Menno ter Braak: In gesprek met de vorigen
S. Vestdijk: Lier en Lancet

Deze beide bundels, bij dezelfde uitgever verschenen, en waarvan de eerstgenoemde ongeveer een jaar vóór de laatstgenoemde uitkwam (een overigens geheel toevallige chronologie, daar de oudste essays van Vestdijk van 1932 en '33 zijn), ver-

[p. 427]

tegenwoordigen zozeer twee hoogtepunten van het nederlandse literaire essay van onze tijd en zijn tevens zo verschillend, dat het mij plicht leek ze hier in één kroniek te behandelen.

‘Twee hoogtepunten van enz., zegt iemand; maar ce n'est pas jurer gros’. In zekere zin is dit waar. Het is opmerkelijk hoezeer het essay in Nederland beoefend wordt en hoe weinig daarvan ook maar enigszins de moeite waard is. De critieken van Uyldert of Werumeus Buning, de opstellen van Knuvelder, de 1001 recensies van 1001 recensenten overal en nergens, - kom, kom. Waar zijn de nederlandse essayisten, die zich met deze ‘hoogtepunten’ meten?

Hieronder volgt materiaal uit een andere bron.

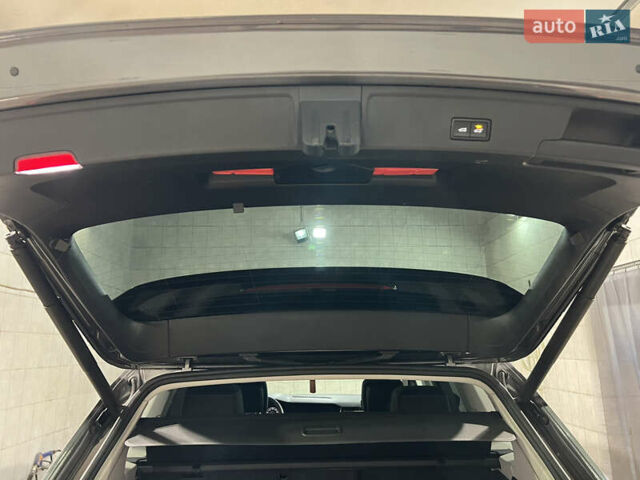 Серый Фольксваген Туарег, объемом двигателя 2.97 л и пробегом 225 тыс. км за 43900 $, фото 61 на Automoto.ua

‘Twee hoogtepunten van enz., komt een ander, die iets beter geïnformeerd is, ja ja, we weten wat dat zeggen wil. Deze heren zijn uw persoonlijke vrienden; de nederlandse literatuur is ingedeeld in klieken, en u en deze heren behoren immers allemaal tot de Forum-kliek?’

Bij dergelijke verdachtmakingen wordt het antwoorden moeilijker. Het woord kliek vooral is zo vreselijk vernietigend. Wat is een kliek, in tegenstelling tot een school, tot een richting, tot een beweging? Van Dale kan ons hier gemakkelijk diensten bewijzen, maar het ongeluk wil dat men deze vier en andere woorden bezigt voor dezelfde dingen, geheel naar de sympathie of antipathie die deze dingen de spreker inboezemen. De welingelichte burgerij in de dagen van ‘tachtig’ sprak bijv. zonder gewetensbezwaar van de kliek van De Nieuwe Gids, van de kliek van Kloos en Van Deyssel. Deze klieken worden rustigweg, voor een latere burgerij, stromingen en bewegingen, vol figuren en gestalten, in literatuurgeschiedenissen. Leiden en Utrecht zijn - en niet alleen ten opzichte van de koloniale staatkunde - scholen of richtingen, wat toch niemand hoeft te beletten om, in een boze bui, van de kliek van Leiden of van Utrecht te spreken...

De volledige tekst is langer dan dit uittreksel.